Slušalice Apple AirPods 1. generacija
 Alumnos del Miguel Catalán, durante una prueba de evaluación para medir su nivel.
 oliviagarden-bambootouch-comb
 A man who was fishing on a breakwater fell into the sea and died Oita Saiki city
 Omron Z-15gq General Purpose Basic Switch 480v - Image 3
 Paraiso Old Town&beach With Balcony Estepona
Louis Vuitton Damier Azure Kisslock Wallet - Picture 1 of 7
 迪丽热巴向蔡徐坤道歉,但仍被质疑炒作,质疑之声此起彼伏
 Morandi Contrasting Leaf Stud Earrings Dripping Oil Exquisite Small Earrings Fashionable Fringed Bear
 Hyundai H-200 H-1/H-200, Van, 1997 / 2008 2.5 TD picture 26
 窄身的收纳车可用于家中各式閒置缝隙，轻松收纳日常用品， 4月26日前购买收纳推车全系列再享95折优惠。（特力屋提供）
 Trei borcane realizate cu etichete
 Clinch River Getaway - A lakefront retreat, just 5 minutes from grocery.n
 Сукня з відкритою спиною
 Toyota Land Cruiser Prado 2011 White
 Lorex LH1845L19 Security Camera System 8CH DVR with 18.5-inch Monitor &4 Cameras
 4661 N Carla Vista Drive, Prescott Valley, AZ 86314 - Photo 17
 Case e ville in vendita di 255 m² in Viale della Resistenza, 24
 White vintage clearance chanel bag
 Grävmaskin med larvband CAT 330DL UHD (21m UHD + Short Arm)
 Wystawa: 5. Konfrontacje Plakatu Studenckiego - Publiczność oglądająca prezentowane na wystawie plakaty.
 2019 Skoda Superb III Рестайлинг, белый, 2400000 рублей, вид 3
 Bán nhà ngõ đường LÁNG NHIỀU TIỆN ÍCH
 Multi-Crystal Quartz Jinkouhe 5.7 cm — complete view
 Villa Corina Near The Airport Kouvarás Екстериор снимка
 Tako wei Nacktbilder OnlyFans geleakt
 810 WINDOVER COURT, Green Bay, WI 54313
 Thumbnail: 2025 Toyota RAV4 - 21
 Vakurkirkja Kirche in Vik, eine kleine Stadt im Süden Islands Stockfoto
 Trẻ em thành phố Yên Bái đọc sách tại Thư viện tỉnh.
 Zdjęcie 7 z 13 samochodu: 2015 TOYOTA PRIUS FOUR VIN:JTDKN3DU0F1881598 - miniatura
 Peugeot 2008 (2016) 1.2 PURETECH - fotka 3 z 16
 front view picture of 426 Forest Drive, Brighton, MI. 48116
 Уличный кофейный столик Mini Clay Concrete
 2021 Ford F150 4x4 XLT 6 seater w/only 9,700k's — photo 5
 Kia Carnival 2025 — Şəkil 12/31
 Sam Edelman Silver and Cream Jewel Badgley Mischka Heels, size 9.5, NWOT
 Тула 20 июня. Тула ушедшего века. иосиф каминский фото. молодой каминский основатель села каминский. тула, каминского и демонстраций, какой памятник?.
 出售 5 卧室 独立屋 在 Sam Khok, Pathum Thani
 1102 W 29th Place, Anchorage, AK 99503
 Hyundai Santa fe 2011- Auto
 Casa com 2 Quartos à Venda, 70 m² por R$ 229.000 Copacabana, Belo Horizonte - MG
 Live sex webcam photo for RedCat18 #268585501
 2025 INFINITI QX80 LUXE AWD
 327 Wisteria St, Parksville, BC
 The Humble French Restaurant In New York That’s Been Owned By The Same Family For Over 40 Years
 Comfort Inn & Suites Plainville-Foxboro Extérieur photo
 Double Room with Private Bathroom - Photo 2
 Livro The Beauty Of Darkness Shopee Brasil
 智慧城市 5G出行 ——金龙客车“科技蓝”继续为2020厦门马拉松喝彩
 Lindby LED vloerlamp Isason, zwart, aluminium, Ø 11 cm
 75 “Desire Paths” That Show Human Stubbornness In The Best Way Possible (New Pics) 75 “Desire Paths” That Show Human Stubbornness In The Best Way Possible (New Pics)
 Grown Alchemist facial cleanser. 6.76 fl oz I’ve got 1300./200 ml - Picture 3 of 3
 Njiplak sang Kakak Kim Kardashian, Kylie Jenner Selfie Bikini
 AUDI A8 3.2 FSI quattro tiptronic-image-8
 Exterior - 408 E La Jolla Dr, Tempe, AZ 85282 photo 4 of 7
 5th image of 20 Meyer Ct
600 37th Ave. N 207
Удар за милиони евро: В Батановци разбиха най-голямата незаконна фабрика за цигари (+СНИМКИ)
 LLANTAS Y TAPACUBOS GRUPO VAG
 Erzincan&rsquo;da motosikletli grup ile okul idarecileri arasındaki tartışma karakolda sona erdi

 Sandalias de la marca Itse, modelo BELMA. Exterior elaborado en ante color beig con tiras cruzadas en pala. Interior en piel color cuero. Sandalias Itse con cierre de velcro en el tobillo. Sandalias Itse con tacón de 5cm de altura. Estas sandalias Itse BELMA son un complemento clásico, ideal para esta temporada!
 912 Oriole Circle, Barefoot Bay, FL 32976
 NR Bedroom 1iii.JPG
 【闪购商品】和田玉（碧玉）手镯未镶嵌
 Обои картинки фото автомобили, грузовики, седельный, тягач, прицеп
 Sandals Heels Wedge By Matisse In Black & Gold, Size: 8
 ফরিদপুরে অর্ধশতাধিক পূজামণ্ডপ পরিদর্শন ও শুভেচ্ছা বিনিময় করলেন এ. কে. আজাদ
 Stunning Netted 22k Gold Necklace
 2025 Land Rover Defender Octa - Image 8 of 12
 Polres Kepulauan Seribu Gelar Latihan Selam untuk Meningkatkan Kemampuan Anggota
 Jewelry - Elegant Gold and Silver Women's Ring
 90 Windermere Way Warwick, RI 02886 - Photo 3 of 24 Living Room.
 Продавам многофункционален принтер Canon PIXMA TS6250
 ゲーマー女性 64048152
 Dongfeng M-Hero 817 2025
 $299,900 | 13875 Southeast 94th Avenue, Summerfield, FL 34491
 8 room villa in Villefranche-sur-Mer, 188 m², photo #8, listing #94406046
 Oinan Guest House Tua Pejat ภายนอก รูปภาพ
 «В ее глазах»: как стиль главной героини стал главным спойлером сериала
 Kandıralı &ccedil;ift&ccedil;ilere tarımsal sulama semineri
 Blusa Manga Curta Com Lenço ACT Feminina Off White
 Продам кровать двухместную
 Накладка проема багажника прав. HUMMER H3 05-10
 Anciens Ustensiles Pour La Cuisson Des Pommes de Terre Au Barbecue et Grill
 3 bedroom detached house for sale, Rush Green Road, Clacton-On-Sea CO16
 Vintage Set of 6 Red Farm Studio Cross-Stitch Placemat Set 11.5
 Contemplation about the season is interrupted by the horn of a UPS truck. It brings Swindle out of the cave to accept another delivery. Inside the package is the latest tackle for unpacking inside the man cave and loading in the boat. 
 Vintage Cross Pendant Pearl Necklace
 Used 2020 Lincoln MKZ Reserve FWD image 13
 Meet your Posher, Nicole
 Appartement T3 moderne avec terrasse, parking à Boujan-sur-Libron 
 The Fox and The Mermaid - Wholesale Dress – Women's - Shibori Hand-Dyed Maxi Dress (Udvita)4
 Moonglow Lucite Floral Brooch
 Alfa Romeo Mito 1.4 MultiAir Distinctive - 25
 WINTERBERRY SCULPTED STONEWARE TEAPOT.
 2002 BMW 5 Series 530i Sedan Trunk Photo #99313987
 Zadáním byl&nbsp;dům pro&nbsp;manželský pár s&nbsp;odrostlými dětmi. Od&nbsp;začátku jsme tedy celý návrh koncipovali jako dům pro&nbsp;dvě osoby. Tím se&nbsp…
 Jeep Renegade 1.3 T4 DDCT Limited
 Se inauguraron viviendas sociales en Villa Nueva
------------------------------
(TASK OBJECTIVE) Among the entries above, the line containing "White vintage clearance chanel bag", the line containing "Hyundai Santa fe 2011- Auto", and all lines between them are to be restated word for word; nothing else belongs in the reply.

(TASK RESULT)
 White vintage clearance chanel bag
 Grävmaskin med larvband CAT 330DL UHD (21m UHD + Short Arm)
 Wystawa: 5. Konfrontacje Plakatu Studenckiego - Publiczność oglądająca prezentowane na wystawie plakaty.
 2019 Skoda Superb III Рестайлинг, белый, 2400000 рублей, вид 3
 Bán nhà ngõ đường LÁNG NHIỀU TIỆN ÍCH
 Multi-Crystal Quartz Jinkouhe 5.7 cm — complete view
 Villa Corina Near The Airport Kouvarás Екстериор снимка
 Tako wei Nacktbilder OnlyFans geleakt
 810 WINDOVER COURT, Green Bay, WI 54313
 Thumbnail: 2025 Toyota RAV4 - 21
 Vakurkirkja Kirche in Vik, eine kleine Stadt im Süden Islands Stockfoto
 Trẻ em thành phố Yên Bái đọc sách tại Thư viện tỉnh.
 Zdjęcie 7 z 13 samochodu: 2015 TOYOTA PRIUS FOUR VIN:JTDKN3DU0F1881598 - miniatura
 Peugeot 2008 (2016) 1.2 PURETECH - fotka 3 z 16
 front view picture of 426 Forest Drive, Brighton, MI. 48116
 Уличный кофейный столик Mini Clay Concrete
 2021 Ford F150 4x4 XLT 6 seater w/only 9,700k's — photo 5
 Kia Carnival 2025 — Şəkil 12/31
 Sam Edelman Silver and Cream Jewel Badgley Mischka Heels, size 9.5, NWOT
 Тула 20 июня. Тула ушедшего века. иосиф каминский фото. молодой каминский основатель села каминский. тула, каминского и демонстраций, какой памятник?.
 出售 5 卧室 独立屋 在 Sam Khok, Pathum Thani
 1102 W 29th Place, Anchorage, AK 99503
 Hyundai Santa fe 2011- Auto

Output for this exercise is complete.